• [LISTED ENTRIES]:
----------------
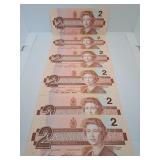 Six in a Row Choice Uncirculated 1986 Canada Two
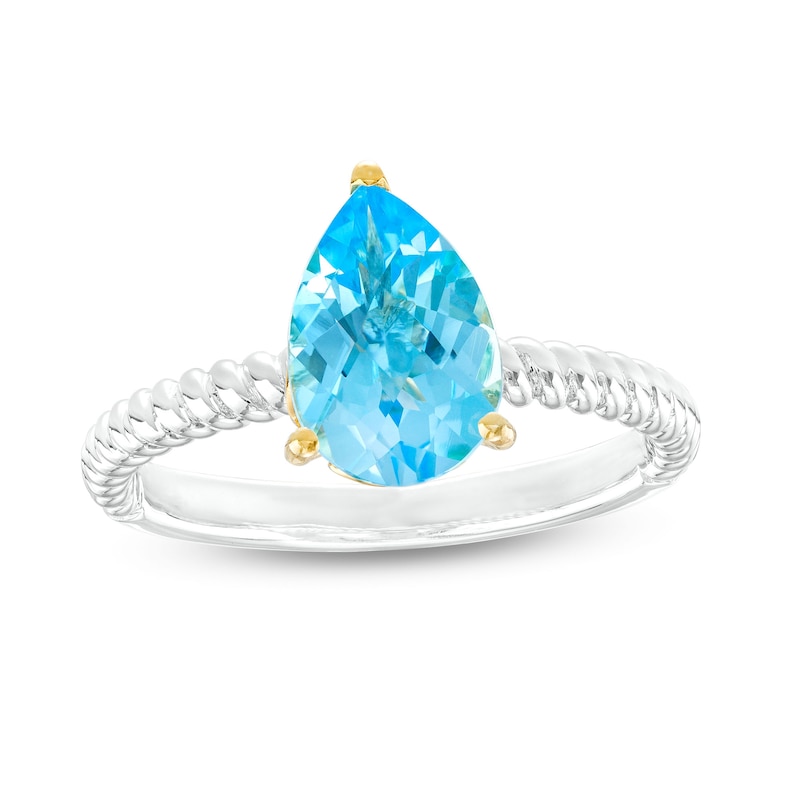 Pear-Shaped Swiss Blue Topaz Solitaire Rope-Textured Shank Ring in Sterling Silver and 10K Gold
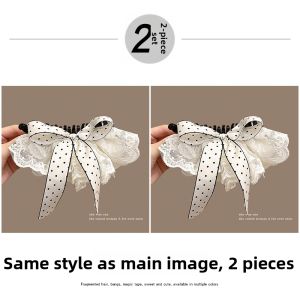 NING ZHOU | Lace Dots Bow Skirt Clip Half Up Hair Accessory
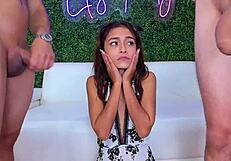 this tiny slut gulps down friend's monster cock whole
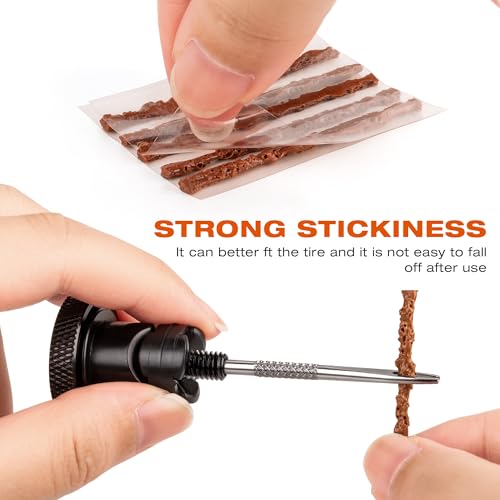 Handlebar End Plugs with Tubeless Tire Repair Kit - Handlebar Insert Fix a Puncture or Flat Includes Bar Plugger Tool and Plugs - Bike Tool for Mountain,Road Bicycle - style: TRT-001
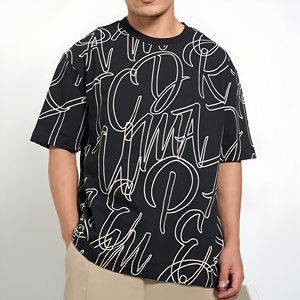 T-shirts tendance à motifs imprimés intégraux, effet délavé à l'acide, nouvelle collection, faible MOQ, coupe oversize, meilleure qualité, pour hommes - Product Image 5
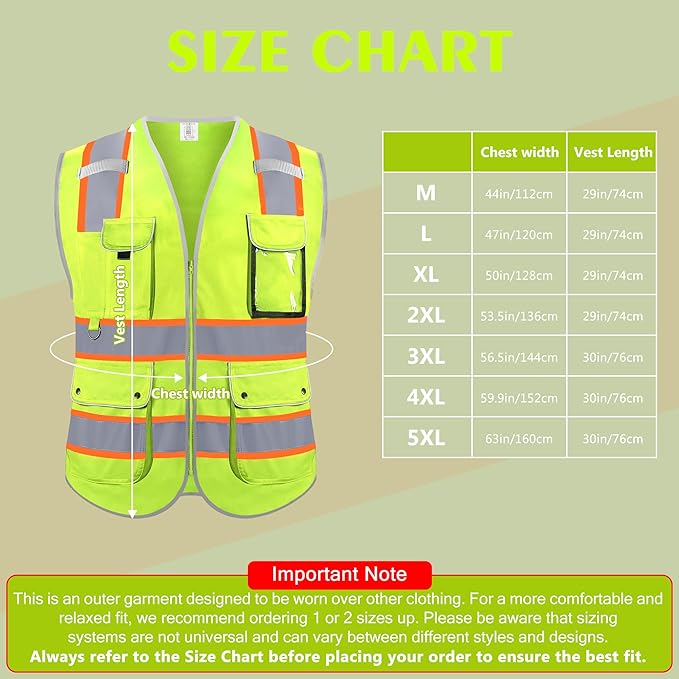 Reflective Safety Vest for Men Women, High Visibility Safety Vest - Image 2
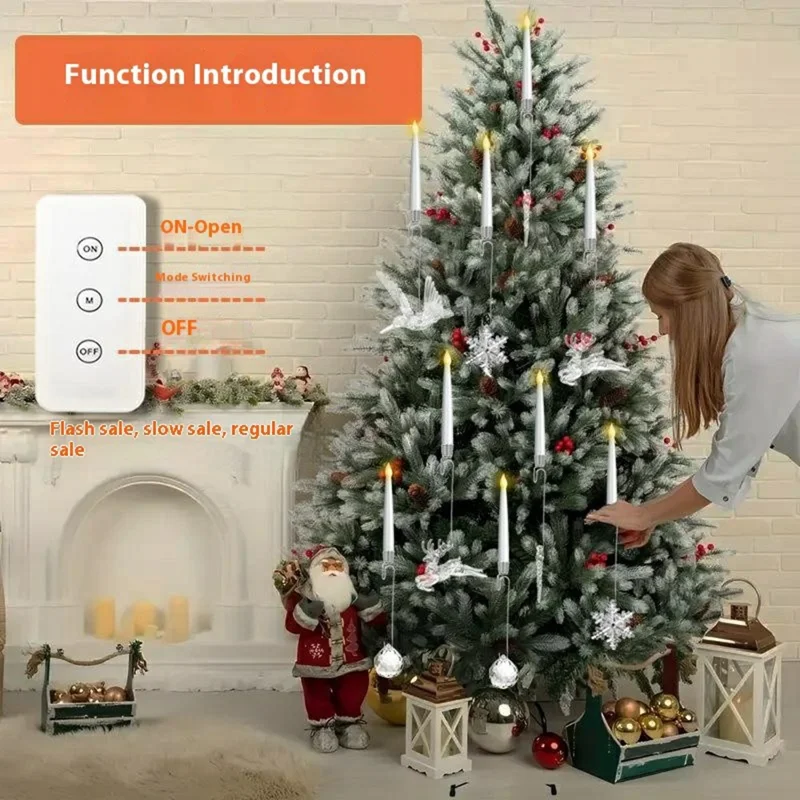 12 LED Electronic Candle Lights Christmas Tree Ornaments String Fairy Lights with Remote Control - Icicle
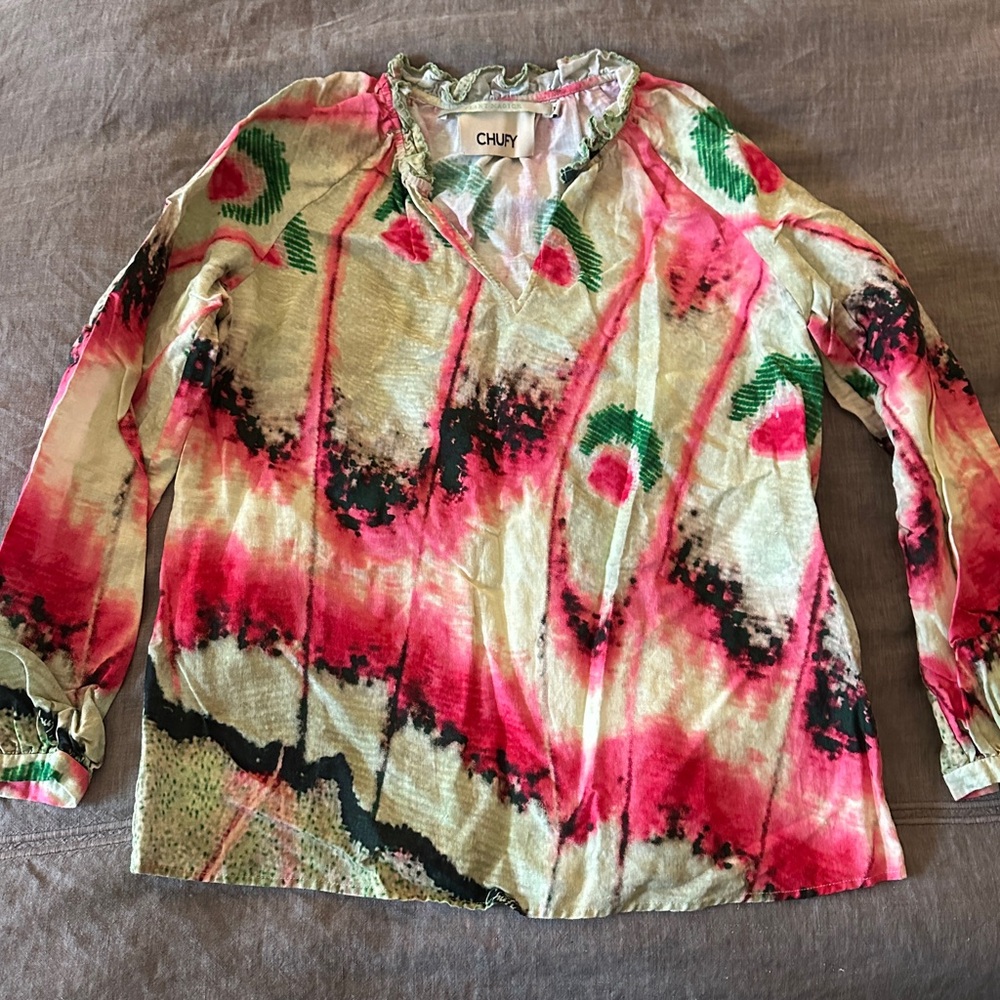 HUF Tie-Dye Pink and Green Blouse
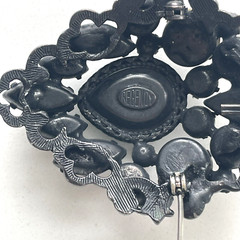 Vintage Regency Signed Japaned Jet Black Teardrop Rhinestone Pin Brooch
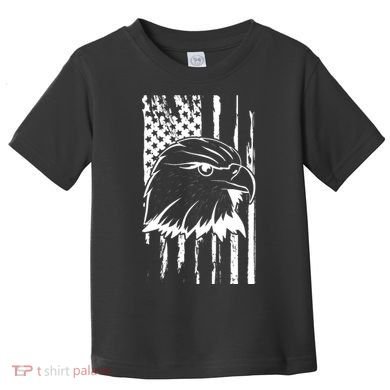 Patriotic Eagle Head American Flag Black Toddler T-Shirt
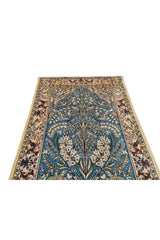 Authentic Hand Knotted Vintage Pashmin Koum Hunting Pictorial Wool Area Rug 5.6 x 3.5 Ft (1759 Ger-4)
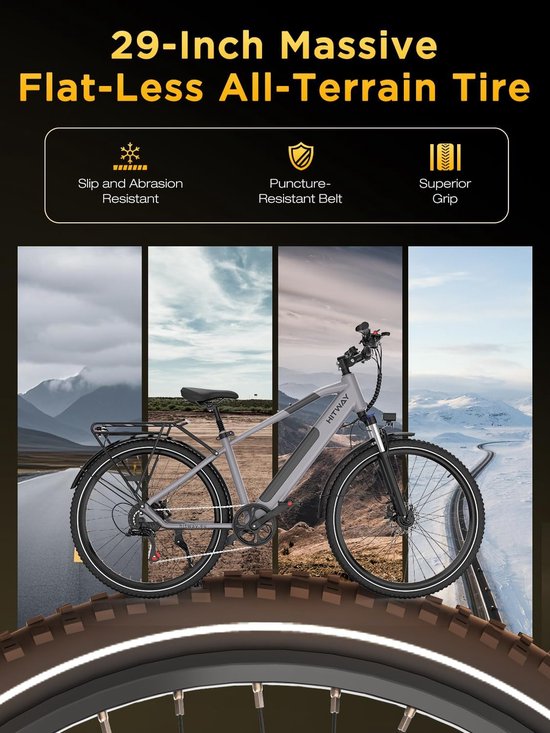 Hitway Elektrische Fiets BK7S Plus - 29 Inch City Commuter EBike met Afneembare 36V 12.8Ah Lithium Batterij - Mountain E-Bike met 250W Motor - 7 Versnellingen - IP54 Waterdicht - Elektrische Fietsen — afbeelding 5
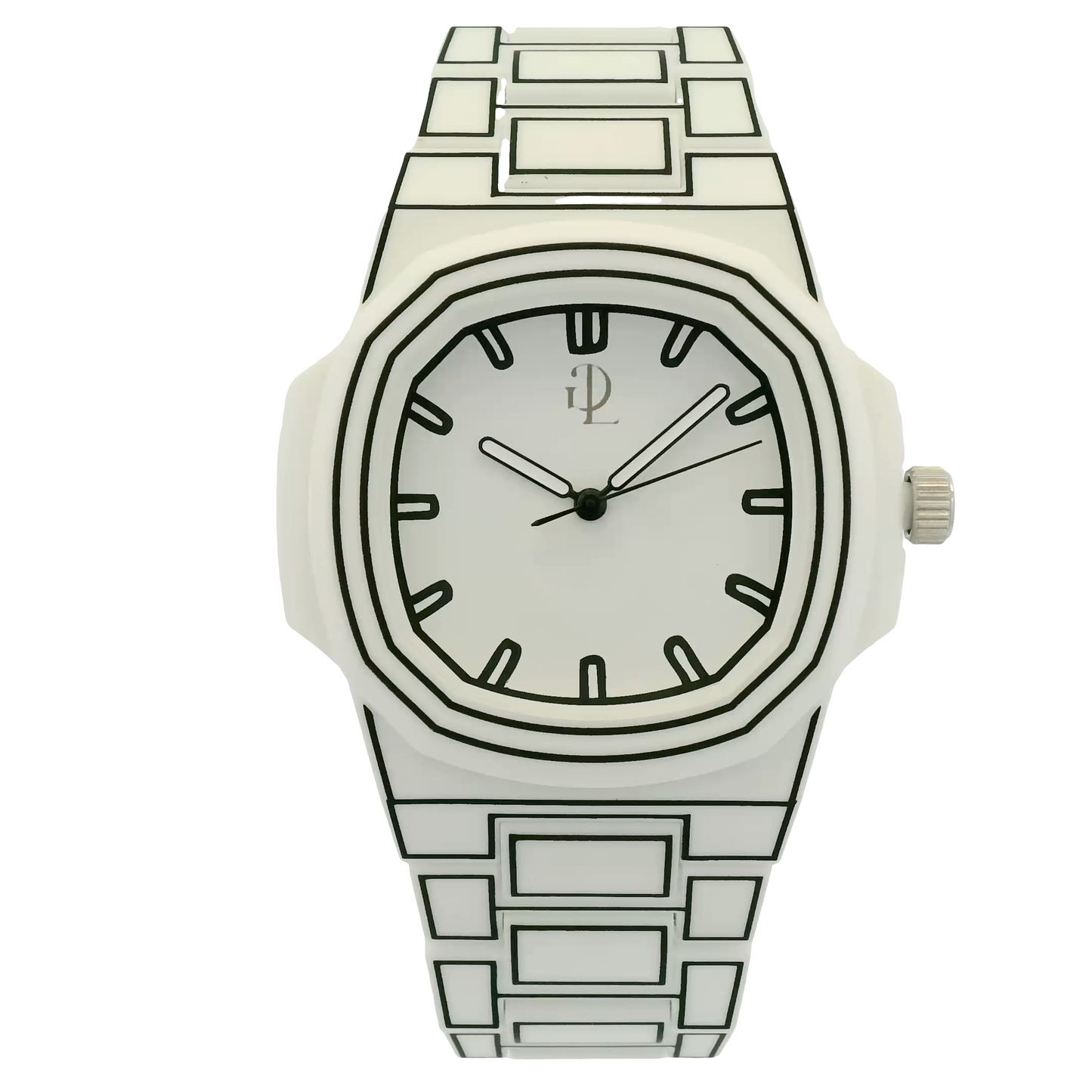 Orologio da polso moderno con motivo grafico bianco e nero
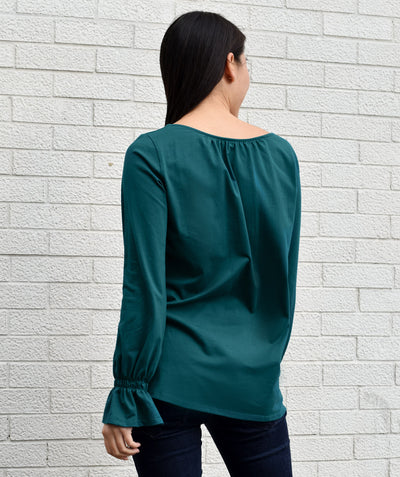 MADELYN peasant top in Shaded Spruce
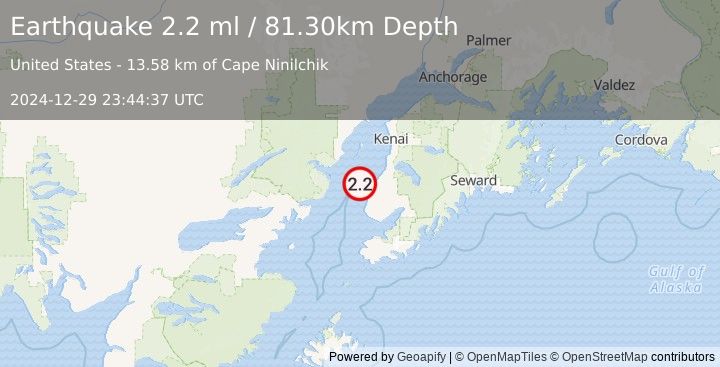 Earthquake 15 km W of Ninilchik, Alaska (2.2 ml) (2024-12-29 23:44:37 UTC)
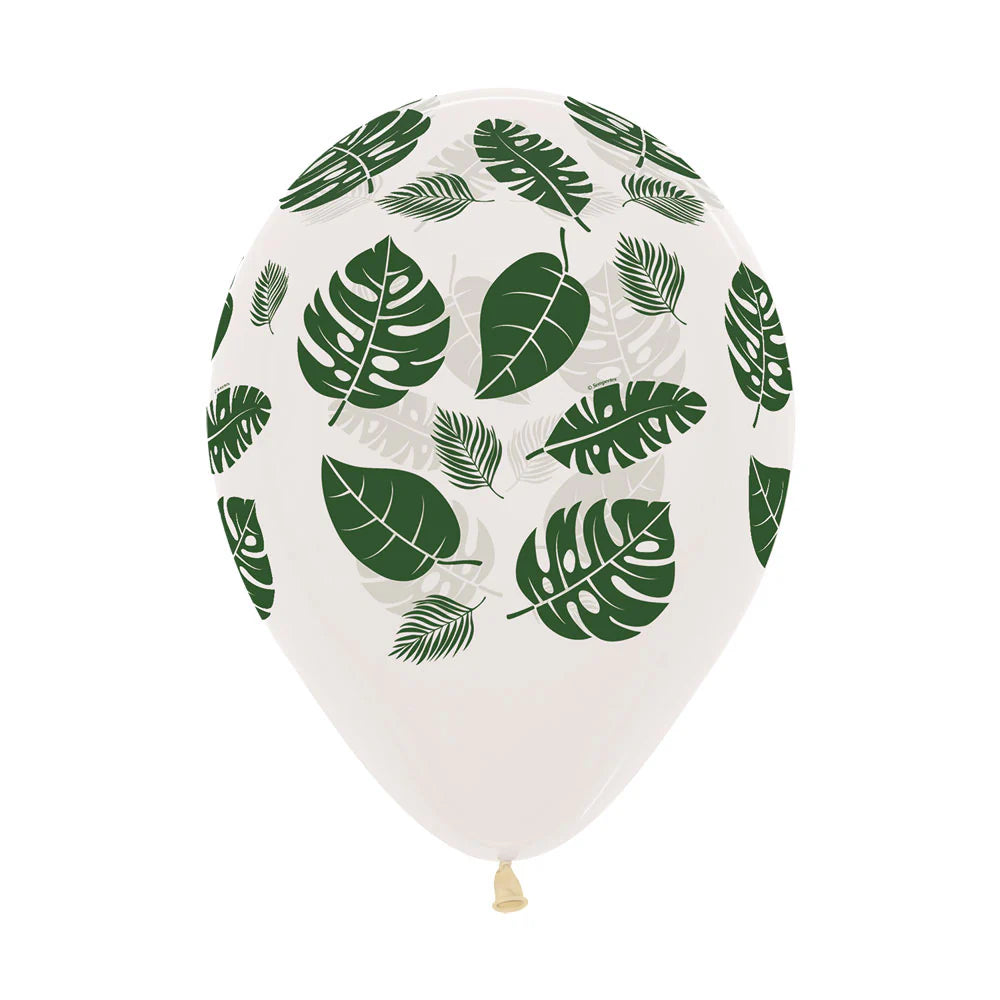 GLOBO LATEX REDONDO INFINITY® HOJAS VERDE SELVA CRISTAL TRANSPARENTE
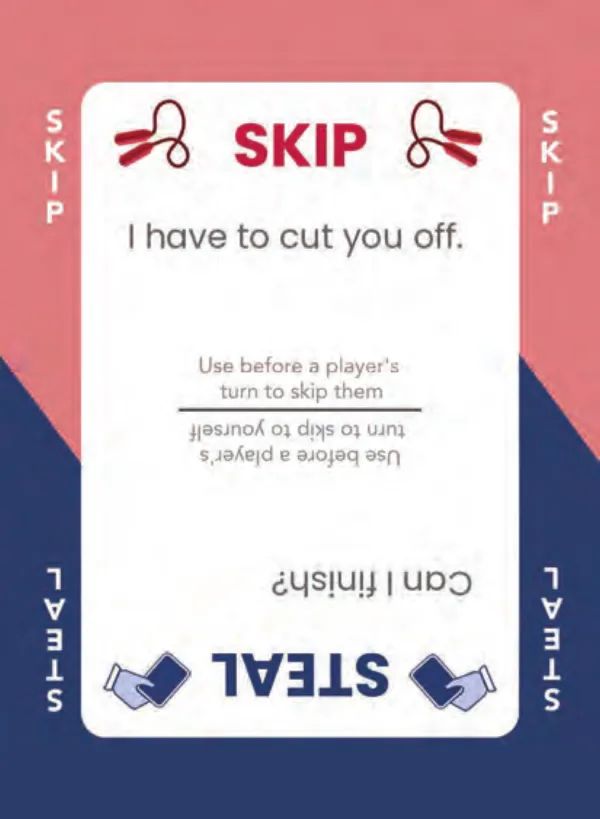 “I have to cut you off.” / “Can I finish?” — Dramanoes annoy card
----------------
• [WHAT YOU WILL DO]: The copy must begin with the line containing "Orologio da polso", end with the last line of the material, match each line exactly, and hold no pictures.

• [YOUR SOLUTION]:
 Orologio da polso moderno con motivo grafico bianco e nero
 MADELYN peasant top in Shaded Spruce
 Earthquake 15 km W of Ninilchik, Alaska (2.2 ml) (2024-12-29 23:44:37 UTC)
 GLOBO LATEX REDONDO INFINITY® HOJAS VERDE SELVA CRISTAL TRANSPARENTE
 “I have to cut you off.” / “Can I finish?” — Dramanoes annoy card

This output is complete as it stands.